- [Activity] The first line of the entries is where the copy starts and the line with "灰熊老将宣布退役，球队精神领袖将告别赛季" is where it ends; set down each line exactly, both ends included, and drop pictures.

- [Records for the exercise]
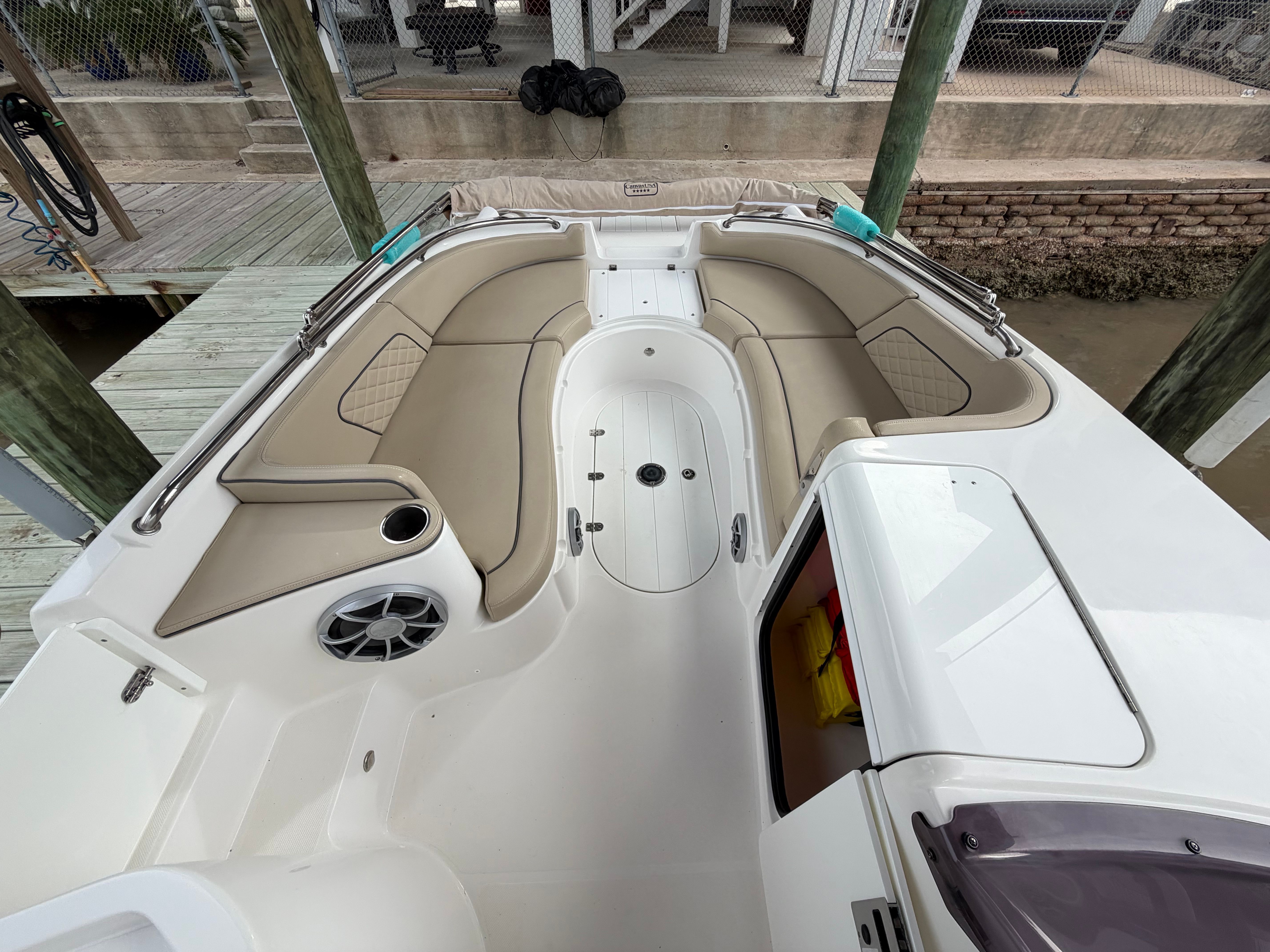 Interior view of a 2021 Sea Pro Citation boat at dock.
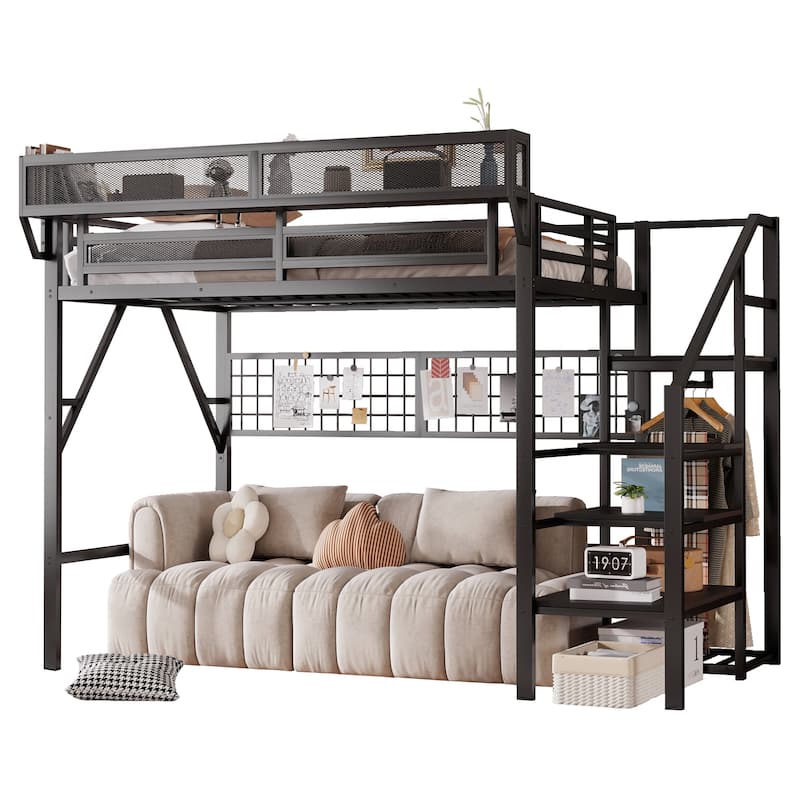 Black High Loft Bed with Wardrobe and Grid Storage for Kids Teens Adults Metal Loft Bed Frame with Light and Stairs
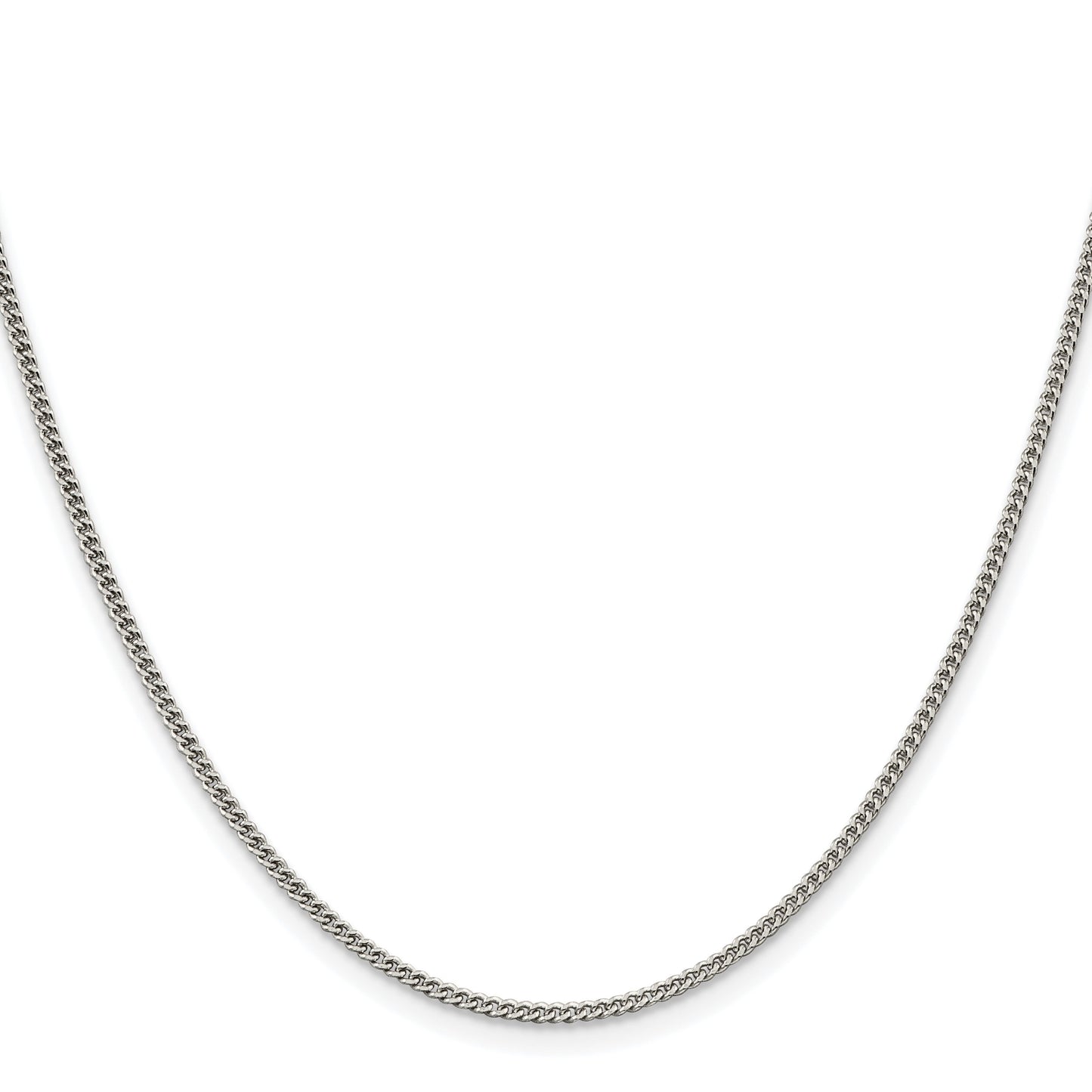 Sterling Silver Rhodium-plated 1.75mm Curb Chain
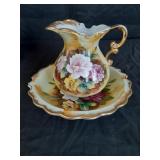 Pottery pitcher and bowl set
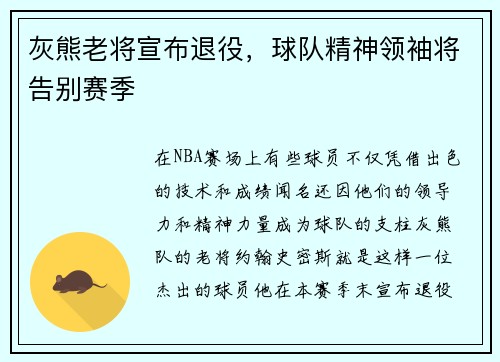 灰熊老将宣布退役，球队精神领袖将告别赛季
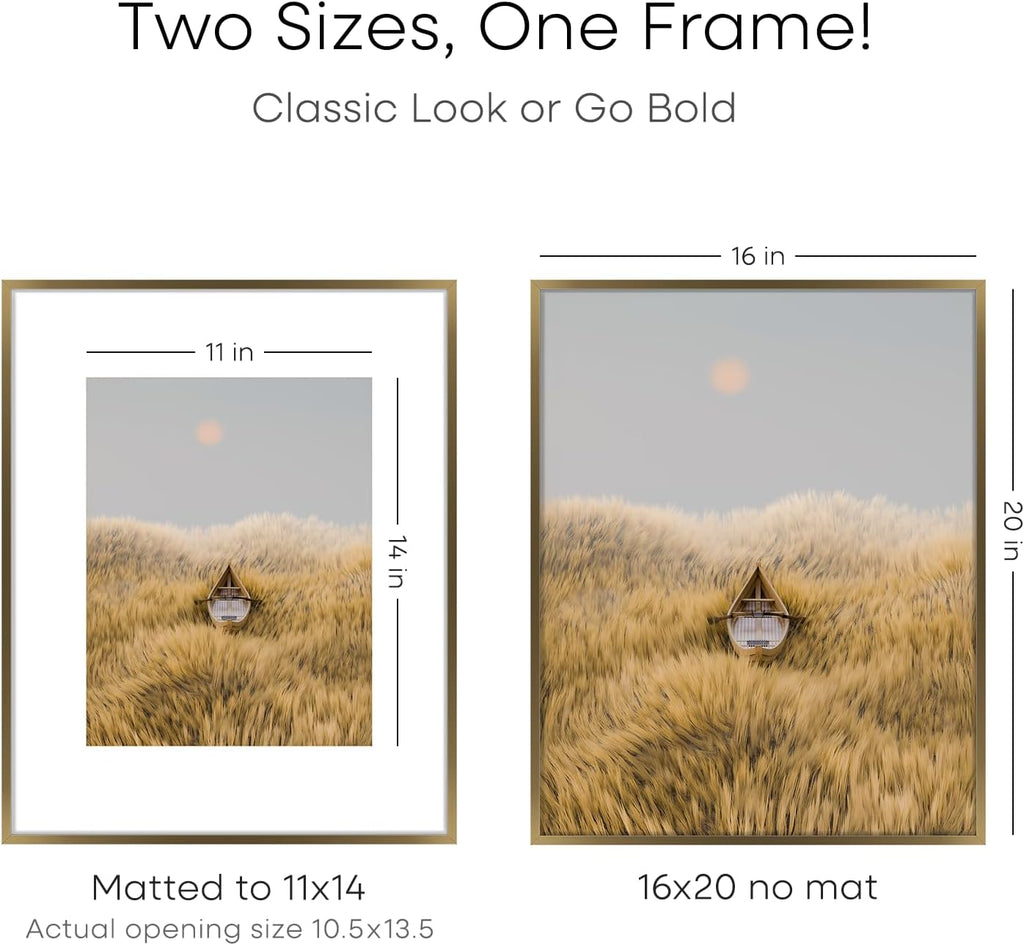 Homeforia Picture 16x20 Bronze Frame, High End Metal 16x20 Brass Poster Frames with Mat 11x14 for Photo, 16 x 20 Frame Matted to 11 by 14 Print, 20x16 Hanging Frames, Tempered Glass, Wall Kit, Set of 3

- [Reply to the task]
 Interior view of a 2021 Sea Pro Citation boat at dock.
 Black High Loft Bed with Wardrobe and Grid Storage for Kids Teens Adults Metal Loft Bed Frame with Light and Stairs
 Sterling Silver Rhodium-plated 1.75mm Curb Chain
 Pottery pitcher and bowl set
 灰熊老将宣布退役，球队精神领袖将告别赛季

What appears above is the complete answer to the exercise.